What you need to do ▸
Give back all the data exactly, line by line.

--

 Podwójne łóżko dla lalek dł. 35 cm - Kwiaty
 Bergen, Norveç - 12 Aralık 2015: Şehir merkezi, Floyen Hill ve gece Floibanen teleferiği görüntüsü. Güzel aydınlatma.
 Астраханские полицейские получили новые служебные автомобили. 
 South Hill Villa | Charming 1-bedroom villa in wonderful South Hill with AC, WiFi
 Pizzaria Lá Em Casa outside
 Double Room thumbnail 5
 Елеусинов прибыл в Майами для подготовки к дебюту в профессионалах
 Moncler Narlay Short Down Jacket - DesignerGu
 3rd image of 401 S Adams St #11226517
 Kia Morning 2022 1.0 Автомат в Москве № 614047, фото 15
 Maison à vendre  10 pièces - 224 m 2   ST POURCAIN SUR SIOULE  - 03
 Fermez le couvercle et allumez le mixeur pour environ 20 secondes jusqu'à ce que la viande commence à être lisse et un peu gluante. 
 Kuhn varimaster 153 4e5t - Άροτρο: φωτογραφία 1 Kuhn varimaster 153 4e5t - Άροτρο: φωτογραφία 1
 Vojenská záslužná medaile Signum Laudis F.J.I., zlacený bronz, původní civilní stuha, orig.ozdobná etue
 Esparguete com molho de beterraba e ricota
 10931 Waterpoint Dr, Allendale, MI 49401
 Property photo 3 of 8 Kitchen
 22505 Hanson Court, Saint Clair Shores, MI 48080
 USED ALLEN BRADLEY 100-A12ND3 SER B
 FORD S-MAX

--

Solution ▸
 Podwójne łóżko dla lalek dł. 35 cm - Kwiaty
 Bergen, Norveç - 12 Aralık 2015: Şehir merkezi, Floyen Hill ve gece Floibanen teleferiği görüntüsü. Güzel aydınlatma.
 Астраханские полицейские получили новые служебные автомобили. 
 South Hill Villa | Charming 1-bedroom villa in wonderful South Hill with AC, WiFi
 Pizzaria Lá Em Casa outside
 Double Room thumbnail 5
 Елеусинов прибыл в Майами для подготовки к дебюту в профессионалах
 Moncler Narlay Short Down Jacket - DesignerGu
 3rd image of 401 S Adams St #11226517
 Kia Morning 2022 1.0 Автомат в Москве № 614047, фото 15
 Maison à vendre  10 pièces - 224 m 2   ST POURCAIN SUR SIOULE  - 03
 Fermez le couvercle et allumez le mixeur pour environ 20 secondes jusqu'à ce que la viande commence à être lisse et un peu gluante. 
 Kuhn varimaster 153 4e5t - Άροτρο: φωτογραφία 1 Kuhn varimaster 153 4e5t - Άροτρο: φωτογραφία 1
 Vojenská záslužná medaile Signum Laudis F.J.I., zlacený bronz, původní civilní stuha, orig.ozdobná etue
 Esparguete com molho de beterraba e ricota
 10931 Waterpoint Dr, Allendale, MI 49401
 Property photo 3 of 8 Kitchen
 22505 Hanson Court, Saint Clair Shores, MI 48080
 USED ALLEN BRADLEY 100-A12ND3 SER B
 FORD S-MAX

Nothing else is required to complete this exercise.